# Aged "Haunt Directory" signs!



## redquestron (Jul 17, 2008)

My Fiance is a master painter, that is why she does the paint and design work, and I do the heavy lifting.

Her most recent project was the "Haunt Directory" which I am just in awe of!

This is what I gave her to work with:









and off to work I went.

I came home to spectacular results!

http://euclidboo.com/wordpress/halloween-haunt-directory/


----------



## darkrosemanor (Oct 7, 2008)

Excellent! I've been thinking of doing something like this to direct ToT's to our place. Nice Job!!


----------



## cerinad (Jun 23, 2008)

Those are great! I need to do something like this!


----------



## Lilly (Jun 13, 2006)

Nice paint job on the signs to point the way..


----------



## Ghostess (Aug 21, 2005)

Ya know, I was all ready to comment on the signage... but I gotta say, I'm impressed with the photos! Not many people take the time to do angles and stuff when documenting. I was just telling my husband that your documentation pictures should be in a magazine!

Oh, before I forget..... the "directory" signage is GREAT, your fiancee did a wonderful job on them!!


----------



## redquestron (Jul 17, 2008)

Ghostess said:


> Ya know, I was all ready to comment on the signage... but I gotta say, I'm impressed with the photos! Not many people take the time to do angles and stuff when documenting. I was just telling my husband that your documentation pictures should be in a magazine!
> 
> Oh, before I forget..... the "directory" signage is GREAT, your fiancee did a wonderful job on them!!
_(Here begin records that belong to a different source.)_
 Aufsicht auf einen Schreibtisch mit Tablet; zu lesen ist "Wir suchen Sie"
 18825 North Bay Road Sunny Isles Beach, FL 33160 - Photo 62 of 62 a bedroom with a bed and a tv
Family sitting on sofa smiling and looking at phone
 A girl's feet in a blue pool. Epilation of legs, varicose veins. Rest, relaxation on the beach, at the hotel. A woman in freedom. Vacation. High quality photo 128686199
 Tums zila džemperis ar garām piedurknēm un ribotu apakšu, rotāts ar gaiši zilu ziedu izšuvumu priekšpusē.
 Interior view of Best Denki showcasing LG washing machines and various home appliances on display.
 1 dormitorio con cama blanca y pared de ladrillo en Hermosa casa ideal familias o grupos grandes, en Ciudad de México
I would like you to know that you just made her day. She makes everyday snapshots a photographic opus on most occasions. She got her first Nikon last year and she's always making sure that she composes her shots just so.
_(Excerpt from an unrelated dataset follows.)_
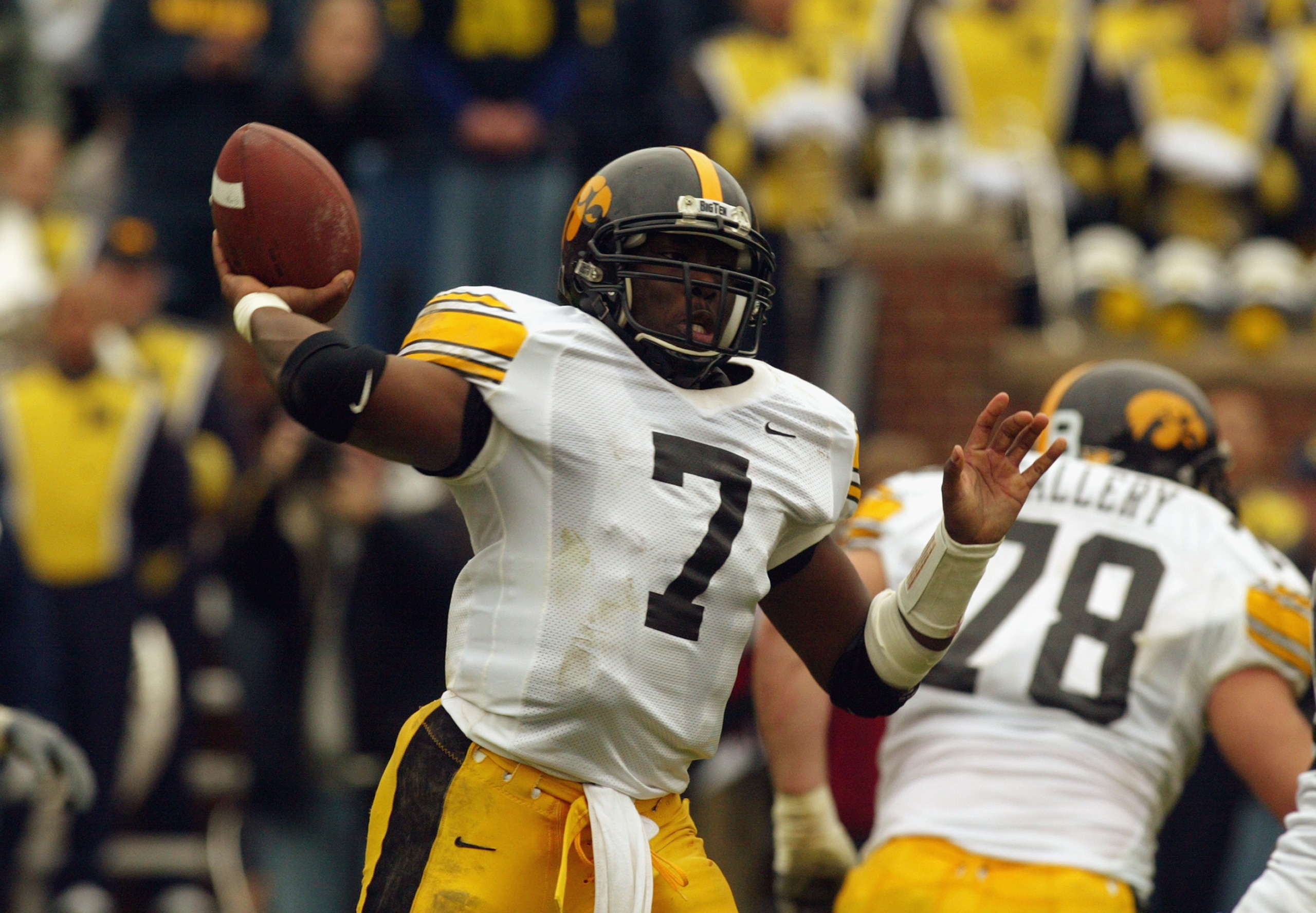 ANN ARBOR, MI - OCTOBER 26:  Quarterback Brad Banks #7 of the Iowa Hawkeyes passes the ball during the NCAA football game against the Michigan Wolverines at Michigan Stadium on October 26, 2002 in Ann Arbor, Michigan.  Banks passed for a total of 222 yard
Your comments are so very much appreciated, you are probably the first unsolicited compliment she has ever received from someone she didn't know.

Thanks for the compliments on the signs too, you really know how to brighten a persons day.

Cheers!


----------



## redquestron (Jul 17, 2008)

Might I just add, ghostess, that your projects are exquisite!!!


----------



## Ghostess (Aug 21, 2005)

I love photography (I suck at it, but I love it all the same!). We got a Sony a100 slr last year and I've been practicing with it. Every photo is an opportunity to capture something in a special way. Your fiancee definitely has an eye for it!! She also has a great hand at painting... you're a lucky man!

And thanks, I wish I had new stuff to show this year.... oh well.


----------